As often happens, this train of thought led me back to thinking of technology. Specifically, how many IT managers I’ve spoken to have complained about being on a treadmill themselves. Constantly updating software, upgrading hardware and keeping up with the latest networking protocols. They know that doing these things are not only core to their jobs but are also vitally important to their companies. But just like when I run, they’d prefer a sense of forward motion—movement by choice instead of by necessity.
Contrary to what you might think, these IT managers I speak to aren’t concerned that the move to cloud computing is going to put them out of work. Managing information, especially for a construction company, should mean much more than routine upgrades and updates. Most IT managers I know are anxious to make a difference in the way their companies perform, and the move to cloud computing offers them a unique opportunity for them to refocus their efforts.
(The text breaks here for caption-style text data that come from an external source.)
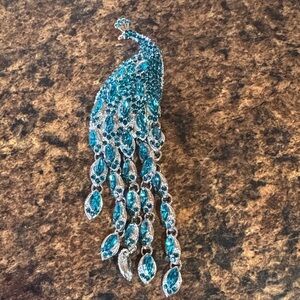 Elegant Silver and Blue Peacock Brooch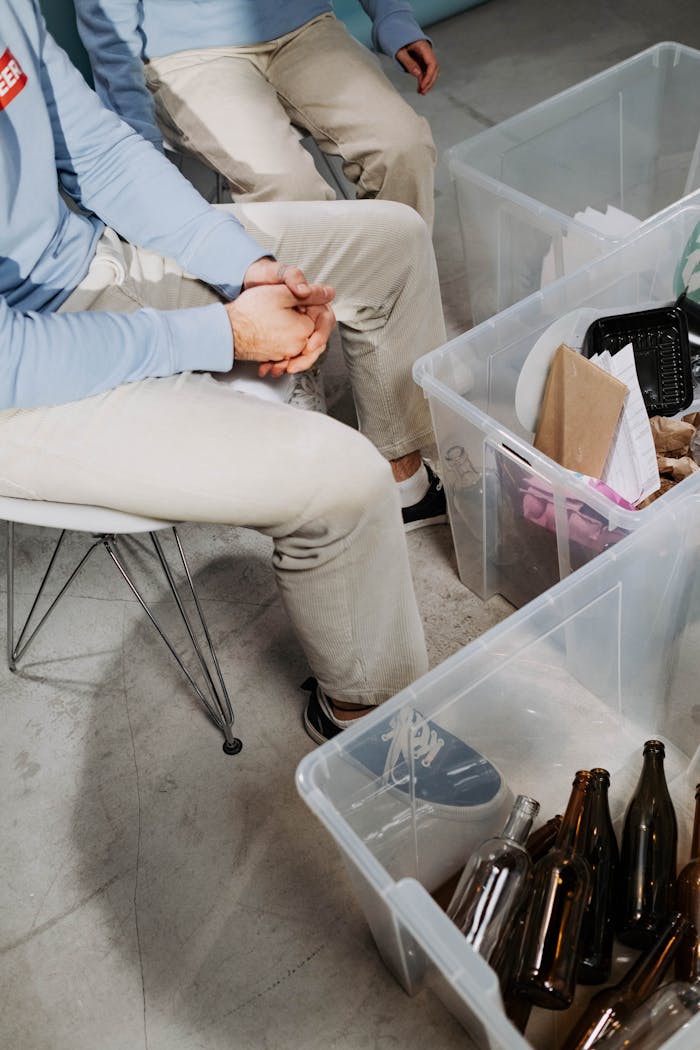 Volunteers sitting and sorting plastic, paper, and glass bottles for recycling.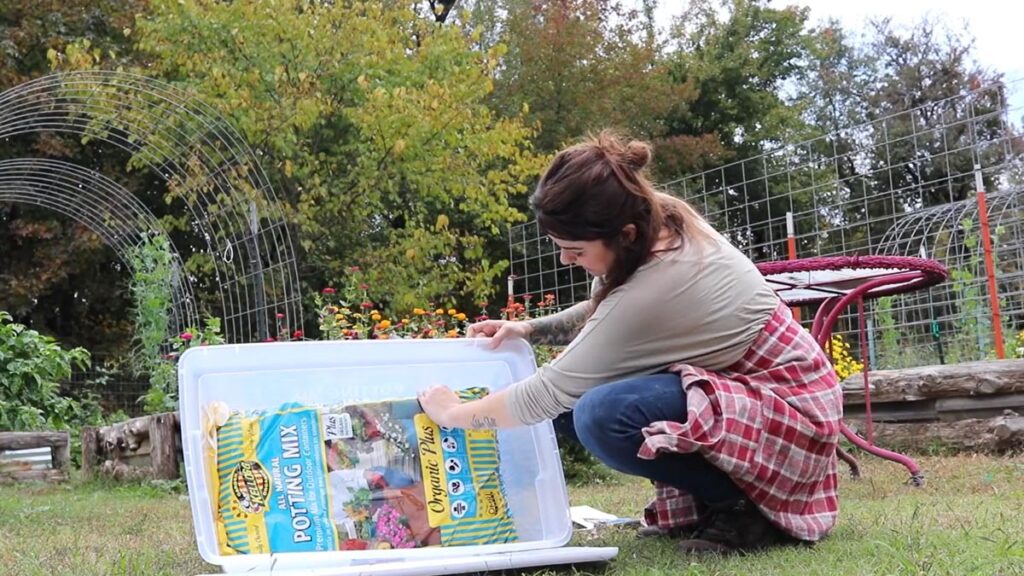 A woman crouched in the garden with a large plastic bin and a bag of soil.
When a company adopts cloud computing as their resource for serving up computing and software resources, much of the vital but routine tasks of the IT manager are moved to a third party. Shedding routine tasks allows them to spend less time reacting to problems and more time working on actively improving the flow of information in their company.
This is more than just a nice thought—I’ve seen it happen with one of our more progressive customers. People from across this company from accounting to project management will present a business need to the IT department. IT will then work with them to design a process and design a flow of information that supports the flow of work. This IT department has, for the most part, hopped off the treadmill, but they are still running and they are contributing in a more significant way to the way their company runs.
What is the role of IT in your company? Has a move to cloud computing affected this role?